No instante do despertar, avistaremos Deus como Ser Infinito e espiritual. Mesmo assim, as aparências percebidas pela mente humana continuarão a ocupar o lugar a que pertencem. A visão espiritual não aniquila as aparências, porque é indiferente quanto à elas. O Espírito de Deus não confronta a existência das aparências vistas pela mente humana, porque Deus é tudo o que existe; Deus é o único poder existente, e assim não guerreia com outro poder: porque não há outro poder. O Espírito é Santo, Sagrado. Eles está separado de tudo. A palavra 'santo' significa 'estar separado'. A Realidade do Espírito não se mistura com a realidade percebida pelos sentidos humanos, embora Aquela habite em meio a esta. A onipotência de Deus não é um poder que pode ser exercido sobre algum outro poder; Deus é o único poder, o que significa que nenhum outro poder existe para ser vencido/aniquilado. Esse é o princípio da Unicidade de Deus. Só há Deus. As aparências não importam. Elas sequer causarão seus efeitos ao portador da consciência sintonizada com a Unidade de Deus. Se a mente humana existe, ou não, isso não deve ser um incômodo. Isso deve ser compreendido.
Depois que essa grande verdade estiver estabelecida na sua consciência, como serão capazes de temer a alguma coisa? Como darão poder aos bons ou maus pensamentos de alguém? Ninguém pode ajudá-lo com bons pensamentos; ninguém, com maus pensamentos, pode prejudicá-los. Nenhum poder exterior os perturará, exceto se lhe der poder. Nós não devemos nos valer da Verdade como uma arma a ser empunhada contra algum poder maligno.

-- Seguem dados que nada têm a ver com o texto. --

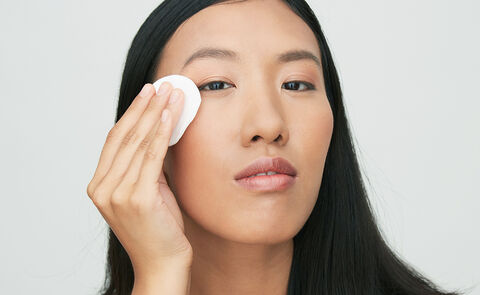 How To Remove Makeup—The Easy Way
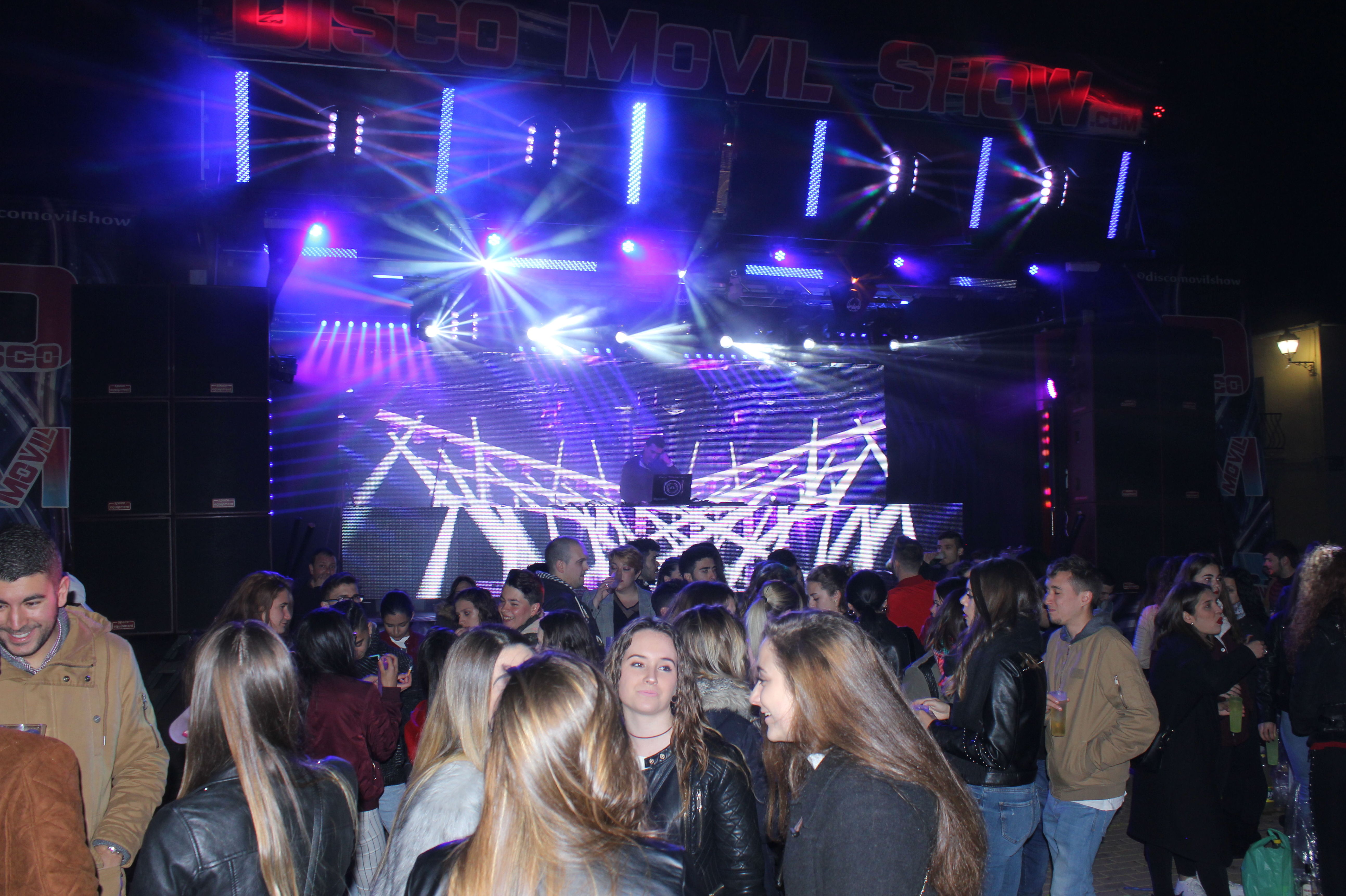 Macro Disco: Servicios de Disco Móvil Show Macro Disco: Servicios de Disco Móvil Show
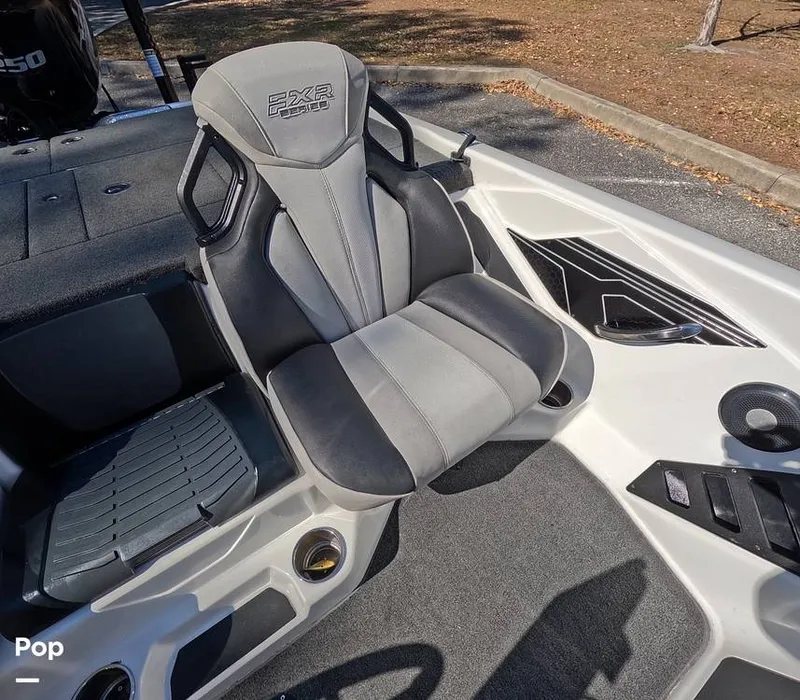 Slide: The Image of Skeeter FXR20LE 2021 - 16216126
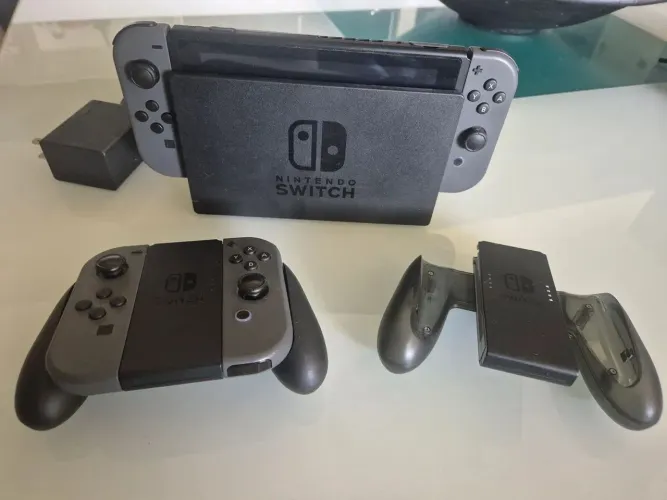 Nintendo Switch - Joycon extras e cartão SD de 512gb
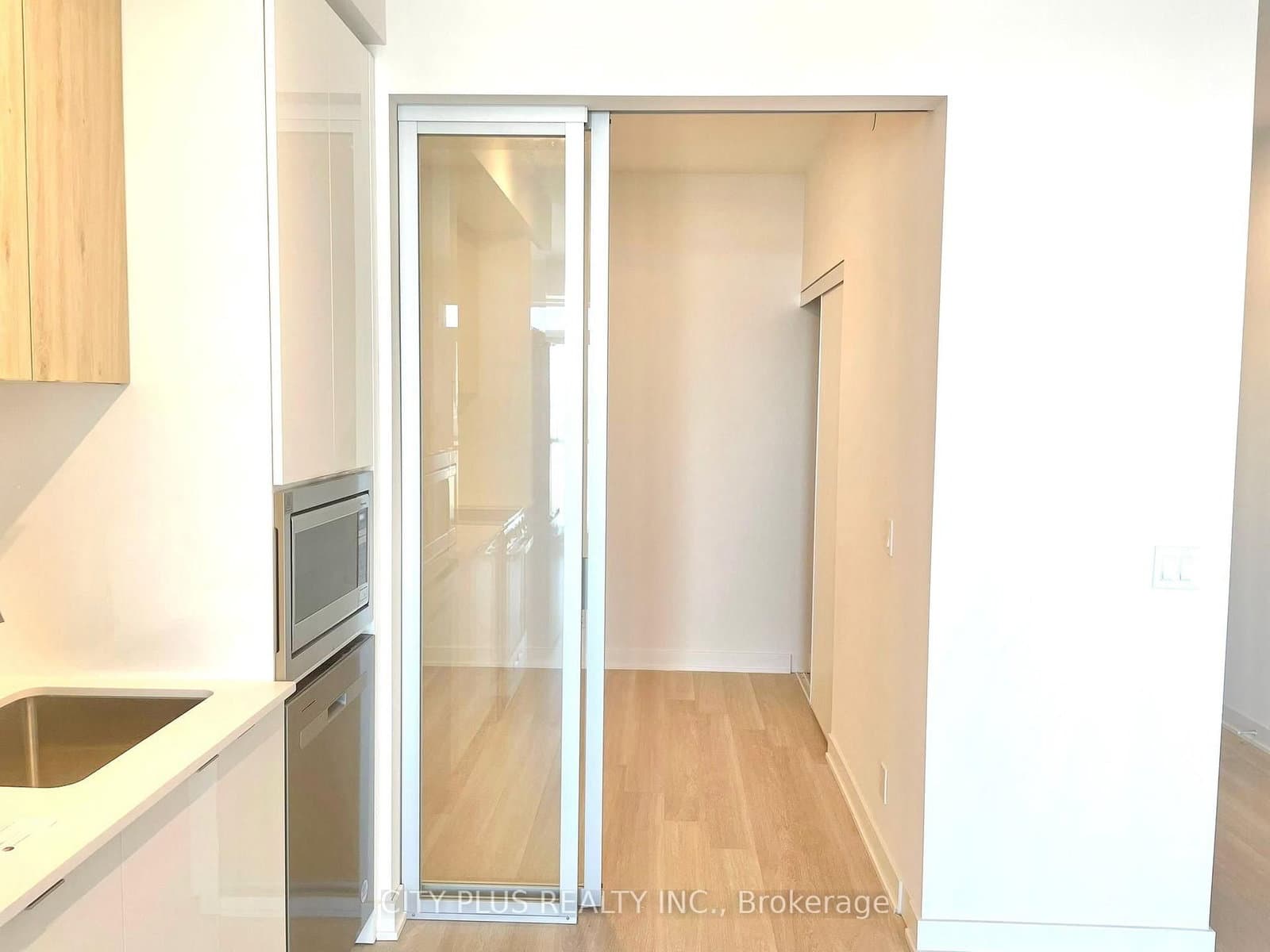 50 Upper Mall Way, Unit B-2609 thumbnail 8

Só há a Verdade, eis o segredo. Essa Verdade, na nossa consciência é uma armadura.
Entretanto, a palavra armadura dá a idéia de defesa e, no momento em que pensamos em defesa, criamos problemas. Do que haveríamos de nos defender se Deus é Todo o Poder e Todo o Ser? Deus é um Poder Único e, por essa razão, melhor seria usar a expressão 'armadura da unicidade'.
Assim, não há necessidade de palavras e pensamentos, nem de armadura para nos defender ou atacar. A verdade é que somos tentados a acreditar em outra atividade! Na próxima esquina poderá haver um marginal pronto para assaltar-nos, e a nossa primeira tentação é a de empregarmos a força física ou o poder mental para dominá-lo. Mas a verdade espiritual sustenta: "Ficai em paz. A luta não é vossa." Não há outro poder senão Deus; não há outra atividade a não ser a atividade de Deus. Se a vida de uma pessoa que atingiu esse nível de iluminação é ameaçada, ela simplesmente irá rir disso tudo, porque existe apenas uma única vida, a Vida de Deus. Só a crença em duas vidas -- a de Deus e a nossa -- nos sujeita a perder esta última.
Quando falamos em Unicidade, estamos falando de Deus como o Poder Único: Um único Deus, uma Única Vida, Uma Alma, Uma Mente, Um Ser -- e mesmo Um Corpo. As aparÊncias nos fazem crer que cada um de nós tem um corpo. Todos parecemos diferentes: alguns saudáveis, outros não; alguns mais, alguns menos. Por isso, aceitamos a crença na dualidade, na existência de mais de um corpo. Se a Unicidade é a Verdade, então existe apenas um Corpo, e quanto a isso nada temos a temer. Nossa busca por Deus deve ser empreendida sempre no sentido único de 'querer entrar na Presença de Deus'; não devemos querer utilizar Deus como um meio para obter algum fim. Se Deus for buscado da forma apropriada, os fins que almejávamos certamente se converterão em acréscimos na nossa Vida. Deus é tudo o que há. Deus É.